Such borrowings must presumably date to the early Portuguese interception of the Pilbara coast, and indicate that the Portuguese did communicate with the Aboriginal people of the Pilbara coast.Again, however there is no evidence that the contacts were intensive or extensive enough to give rise to any contact language." Mühlhäusler agrees, stating that "von Brandenstein's evidence is quite unconvincing: his historical data is speculative - the colonisation being clandestine, there are no written records of it and his claims are not supported by the linguistic evidence he cites." In contemporary Australia, reports of textual and cartographic evidence, of varying significance, and occasionally artifacts are sometimes cited as likely to "rewrite" Australian History because they suggest a foreign presence in Australia.In 1895, George Collingridge produced his The Discovery of Australia, an attempt to trace all European efforts to find the Great Southern Land to the time of Cook, and also introducing his interpretation of the theory of Portuguese discovery of Australia, using the Dieppe maps.Fluent in Portuguese and Spanish, Collingridge was inspired by the publicity surrounding the arrival in Australia of copies of several Dieppe maps, which had been purchased by libraries in Melbourne, Adelaide and Sydney.Mc Intyre's book was reprinted in an abridged paperback edition in 1982 and again in 1987 In 1987, the Australian Minister for Science, Barry Jones, launching the Second Mahogany Ship Symposium in Warrnambool, said "I read Kenneth Mc Intyre's important book... In 1994, Mc Intyre expressed pleasure that his theory was gaining acceptance in Australia: "It is gradually seeping through. it has been on the school syllabus, and therefore students have... Speaking in 1982, Kenneth Mc Intyre described the Dieppe maps as "the only evidence of Portuguese discovery of Eastern Australia". In 1994, Mc Intyre suggested that the writings of Pedro Nunes supported his interpretation of the distortion that occurred on the Dieppe Maps.
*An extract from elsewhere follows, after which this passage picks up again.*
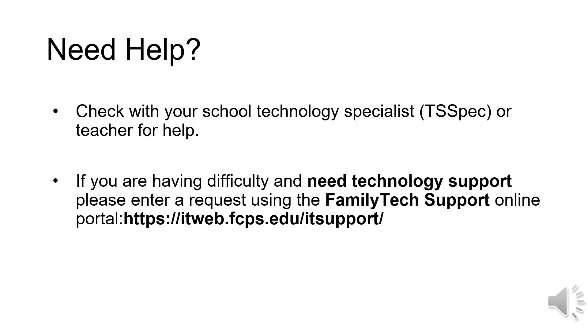If you need help, check with your school technology specialist or teacher. You can also enter a request using the family tech support online portal, which will be available beginning August 26th.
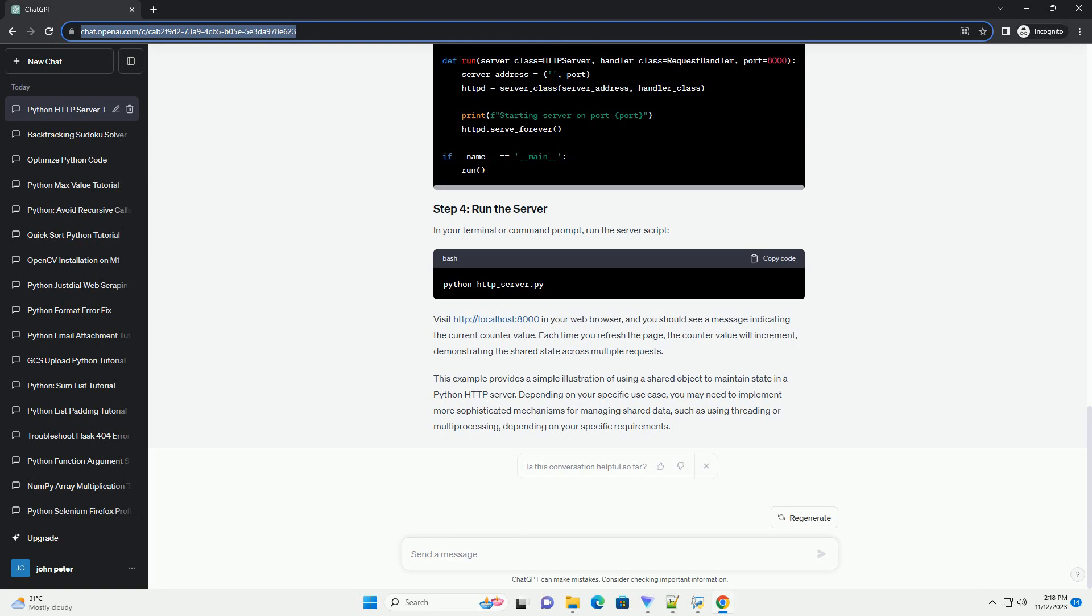We'll use the HTTP.server module, which provides basic functionality for serving HTTP requests. Create a new directory for your project and navigate to it in your terminal or command prompt.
This is based on the following elements: A group of mid-16th-century French maps, the Dieppe maps, formed his main evidence.
In 1899 he noted that the argument for the coasts of Australia having been reached early in the 16th century rested almost entirely on the supposition that at that time, "a certain unknown map-maker drew a large land, with indications of definite knowledge of its coasts, in the quarter of the globe in which Australia is placed".
He pointed out that "a difficulty arises from the necessity of supposing at least two separate voyages of discovery, one on each coast, though absolutely no record of any such exists".
1521–1524, one he argued had to be kept secret because of the 1494 Treaty of Tordesillas, which divided the undiscovered world into two halves for Portugal and Spain.
Barros and other Portuguese sources do not mention a discovery of land that could be Australia, but Mc Intyre conjectured this was because original documents were lost in the 1755 Lisbon earthquake, Most proponents of the theory of Portuguese discovery of Australia have supported Mc Intyre's hypothesis that it was Mendonça who sailed down the eastern Australian coast and provided charts which found their way onto the Dieppe maps, to be included as "Jave la Grande" in the 1540, 1550s and 1560s.